- Born: 2 December 1938 (age 86) London, England
- Occupation: Actress
- Spouse: Robin Ray ​ ​(m. 1960; died 1998)​ (1 child)

= Susan Stranks =

British actress (born 1938)

Susan Stranks (born 2 December 1938) is a British actress and TV presenter.

==Career==
Born in London, Stranks was ten years old when she played the role of the younger Emmeline Foster in the romantic adventure film The Blue Lagoon (1949). She then played Janet Smith, the young sister of Ann Todd, in the David Lean film Madeleine (1950).

Stranks played a young student in the crime drama Sapphire (1959), and had a small part as a schoolgirl in the train scenes of The 39 Steps (also 1959) starring Kenneth More. Both roles were uncredited.

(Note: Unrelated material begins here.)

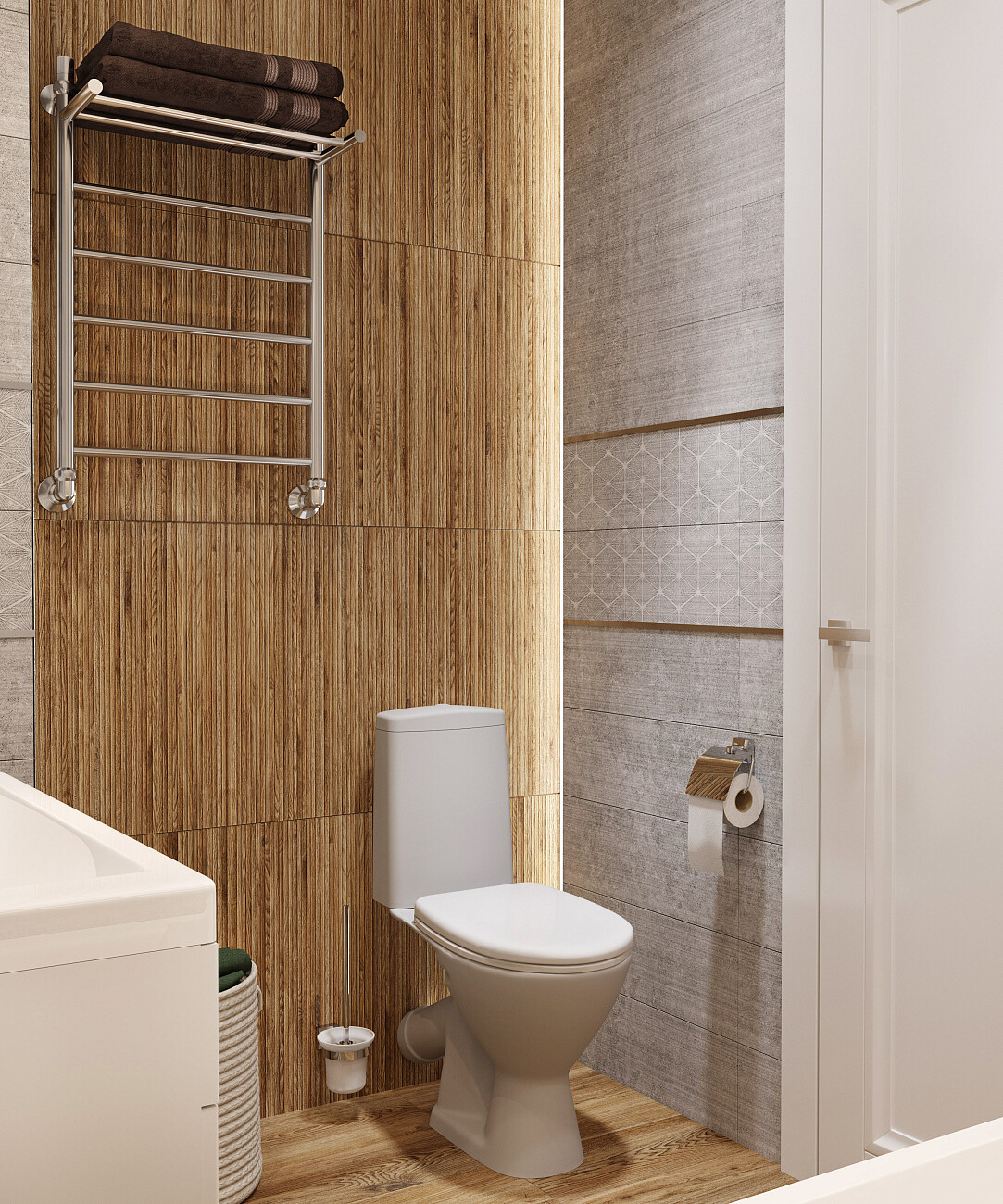 Полотенцесушитель водяной 80х50 см хром Ewrika "Сафо" FP 4627201607911 - изображение 4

She was a regular panellist on the TV pop music show Juke Box Jury, and also appeared in Emergency Ward 10. She is best known for the children's TV series Magpie, which she co-presented from 1968 to 1974.

Following Magpie, Stranks devised and presented a programme for pre-school children, named Paperplay, which ran until 1981.

Stranks has since become a children's radio campaigner, helping to create Fun Radio, a station aimed at children aged under 10 years old.

==Personal life==
Stranks was married to actor and media personality Robin Ray (son of comedian Ted Ray) from 1960 until his death in 1998. They had one child, Rupert.